If US shuttles are grounded, only Russian Soyuz rockets would be capable of taking space crews to and from the space station, the news agency quoted him as saying.
Soyuz rockets are currently used to send Russian crews to the space station for short visits, and for emergency escape capsules. US space shuttles have been used to ferry permanent crews back and forth.
The Russian Space Agency says its planned launch of a cargo ship to the International Space Station will go forward ahead as planned on Sunday, despite the events in the US.
Story filed: 19:40 Saturday 1st February 2003
Betting here that the program will forge ahead despite lawsuits from debris victims in Texas and lots of indignant speeches from left-wing Democrats, who have been against the space program from its inception because "the money could be better spent on the poor here on Earth."
If I recall, most of the Soviet space missions were lauched from a place called Red Star City on the edge of Siberia. There was no great media coverage of these events, no hoopla, no focus on the first woman in space, the first African-American in space, the first Israeli in space, the first left-handed, homosexual, brown-eyed man in space, etc. To the Soviets, those were not much different than military missions in which there were a lot of risks expected.
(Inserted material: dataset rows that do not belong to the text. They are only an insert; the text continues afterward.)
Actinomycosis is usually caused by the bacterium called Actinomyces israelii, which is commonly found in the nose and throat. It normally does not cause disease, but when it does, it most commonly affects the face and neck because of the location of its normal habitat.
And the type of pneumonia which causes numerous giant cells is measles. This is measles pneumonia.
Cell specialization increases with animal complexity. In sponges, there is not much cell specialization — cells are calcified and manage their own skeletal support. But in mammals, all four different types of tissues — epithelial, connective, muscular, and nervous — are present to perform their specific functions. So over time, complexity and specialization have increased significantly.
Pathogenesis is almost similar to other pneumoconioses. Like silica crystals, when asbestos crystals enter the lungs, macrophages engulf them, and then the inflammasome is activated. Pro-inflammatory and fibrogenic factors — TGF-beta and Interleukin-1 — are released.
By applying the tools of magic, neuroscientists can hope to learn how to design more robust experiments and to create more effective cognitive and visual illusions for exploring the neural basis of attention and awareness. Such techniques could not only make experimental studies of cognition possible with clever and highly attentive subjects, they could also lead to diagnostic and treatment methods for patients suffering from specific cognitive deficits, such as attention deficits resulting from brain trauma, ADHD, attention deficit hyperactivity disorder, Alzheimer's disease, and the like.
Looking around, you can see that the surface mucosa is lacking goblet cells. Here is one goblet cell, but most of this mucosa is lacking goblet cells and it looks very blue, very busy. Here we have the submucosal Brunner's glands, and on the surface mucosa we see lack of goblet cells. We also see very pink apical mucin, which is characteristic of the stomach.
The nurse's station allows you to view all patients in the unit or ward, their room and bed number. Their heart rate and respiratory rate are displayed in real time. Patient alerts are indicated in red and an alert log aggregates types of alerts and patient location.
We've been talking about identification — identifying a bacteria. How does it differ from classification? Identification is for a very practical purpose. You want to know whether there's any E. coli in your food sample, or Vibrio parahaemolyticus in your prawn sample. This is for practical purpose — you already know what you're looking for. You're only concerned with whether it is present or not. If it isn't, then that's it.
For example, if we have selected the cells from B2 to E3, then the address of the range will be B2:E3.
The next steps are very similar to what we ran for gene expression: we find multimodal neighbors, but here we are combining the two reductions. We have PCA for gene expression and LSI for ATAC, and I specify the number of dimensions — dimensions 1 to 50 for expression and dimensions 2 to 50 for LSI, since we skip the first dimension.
What a load of Barbara Steisand? The Soviets pulled lots of stunts in their space program, especially in the early years. They did make a big deal out of sending a woman (who was not a pilot) into orbit alone in 1963. They also were able to claim the first three man crew launched into orbit by eliminating the pressurized suits worn by their cosmonauts and using the space saved to put in an extra couch. Several years later this recklessness cost the live of three cosmonauts when their capsule depressurized during descent.
I do hope and pray that the current administration does something BOLD in the wake of this disaster.
Screw the predictable incomprehensible outbursts that we all know are coming from the dumbocrats, enviromentalists and others.
God Bless these heroes!!
This is going to sound insensitive, but I think it's appropriate. Look at the photos of the Columbia crew, and then go back and look at the photos of the Challenger crew in 1986. Notice the nice, multi-cultural aspect of these crews.
Now go back and look at the crew photos for the first half-dozen shuttle flights after they re-started the program a couple of years after the Challenger disaster, when the shuttle scheduled was arranged so as to give top priority to military payloads. Nothing multicultural or multi-ethnic about those crews -- THAT was a time when NASA was very serious about what it was doing.